Task input:
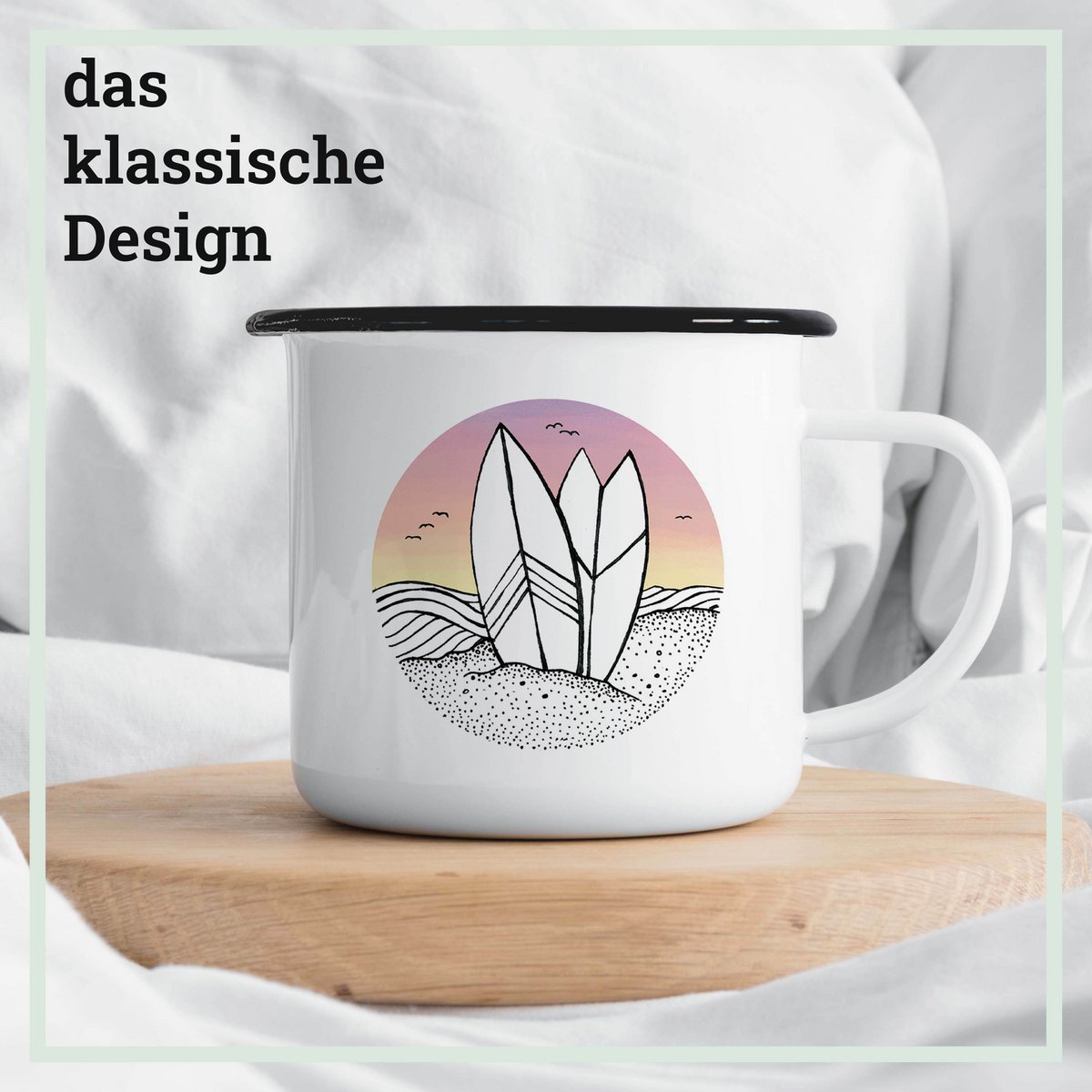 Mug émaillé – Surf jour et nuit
---
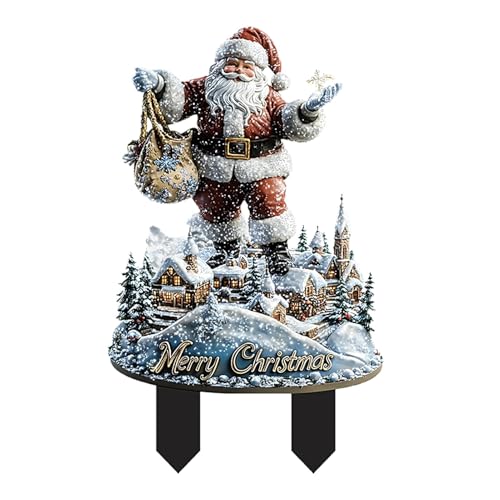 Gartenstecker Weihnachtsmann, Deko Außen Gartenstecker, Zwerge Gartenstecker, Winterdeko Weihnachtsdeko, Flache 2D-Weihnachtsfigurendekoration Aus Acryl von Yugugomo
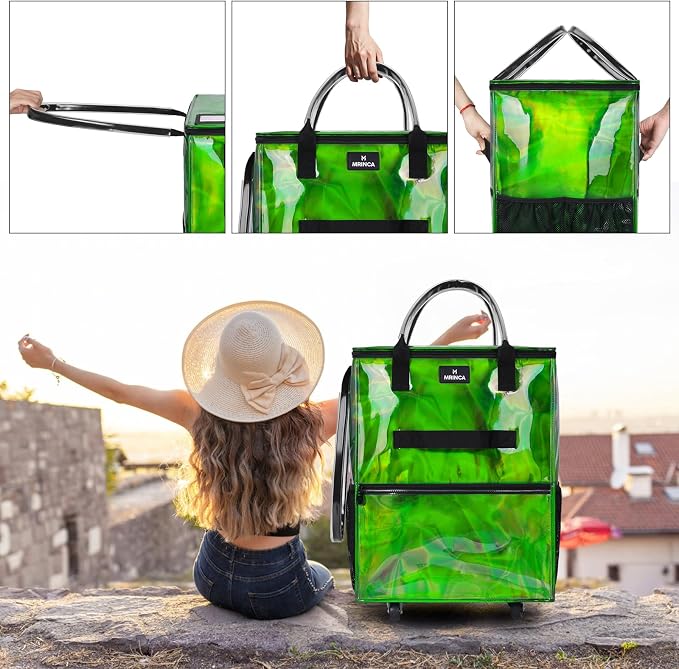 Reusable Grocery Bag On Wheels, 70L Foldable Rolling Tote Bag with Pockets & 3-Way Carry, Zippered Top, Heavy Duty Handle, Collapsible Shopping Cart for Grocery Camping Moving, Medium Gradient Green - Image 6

Required work:
Give back exactly the lines above that run from the one with "Gartenstecker Weihnachtsmann, Deko" to the one with "Reusable Grocery Bag", including both, with the pictures left out.

Completed exercise:
 Gartenstecker Weihnachtsmann, Deko Außen Gartenstecker, Zwerge Gartenstecker, Winterdeko Weihnachtsdeko, Flache 2D-Weihnachtsfigurendekoration Aus Acryl von Yugugomo
 Reusable Grocery Bag On Wheels, 70L Foldable Rolling Tote Bag with Pockets & 3-Way Carry, Zippered Top, Heavy Duty Handle, Collapsible Shopping Cart for Grocery Camping Moving, Medium Gradient Green - Image 6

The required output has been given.